LG International rencananya akan mengucurkan investasi untuk memproduksi methanol sebanyak satu juta ton per tahun. Menteri Perindustrian Airlangga Hartarto di Korea Selatan, Selasa (02/07/2017) menerangkan, proyek LG International membutuhkan natural gas hingga 90 mmscfd dengan ekspektasi harga US$ 1 per mmbtu. Airlangga merekomendasikan LG untuk memanfaatkan penggunaan gas di wilayah Papua Barat dan Maluku.
“Kami merekomendasikan dua wilayah utama penggunaan gas, yaitu Teluk Bintuni, Papua Barat, dan Blok Masela, Maluku. Sejauh ini, beberapa perusahaan yang telah menanamkan investasi untuk industri ini adalah PT. Pupuk Indonesia, Sojitz, dan Elsoro Multi Pratama. Sementara LG tengah melakukan feasibility study di Bintuni,” kata Airlangga.
Menurut Airlangga, pembangunan industri petrokimia di Bintuni memiliki dua cadangan gas yang dioperasikan BP Tangguh dan Genting Oil Kasuri Pte, Ltd. BP Tangguh mengoperasikan sebesar 23,8 trillion standard cubicfeet (TSCF), sementara Genting Oil Kasuri sebesar 1,7 TSCF. Airlangga mengatakan, area ini berpotensi dikembangkan menjadi pabrik petrokimia yang memproduksi gas alam.
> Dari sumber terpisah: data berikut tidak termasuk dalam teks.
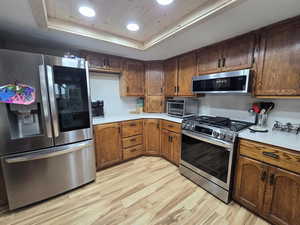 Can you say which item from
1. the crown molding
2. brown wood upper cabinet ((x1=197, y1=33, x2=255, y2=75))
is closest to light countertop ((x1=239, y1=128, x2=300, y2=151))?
brown wood upper cabinet ((x1=197, y1=33, x2=255, y2=75))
Untuk mendukung investasi ini, Dirjen Industri Kimia, Tekstil, dan Aneka (IKTA) Achmad Sigit Dwiwahjono mengatakan, pemerintah akan memfasilitasi pemberian fasilitas dan insentif bagi investor yang akan mendirikan industri petrokimia.
“Bentuk fasilitas yang akan diberikan pemerintah antara lain berupa insentif fiskal (tax allowance dan tax holiday). Namun, kami juga mengupayakan insentif khusus yang meliputi pembebasan pajak selama 20 tahun,” kata Sigit.
Bagaimana pendapat Anda? Akankah upaya pemerintah berhasil menarik LG dan investor lain menanam modalnya di Papua Barat dan Maluku?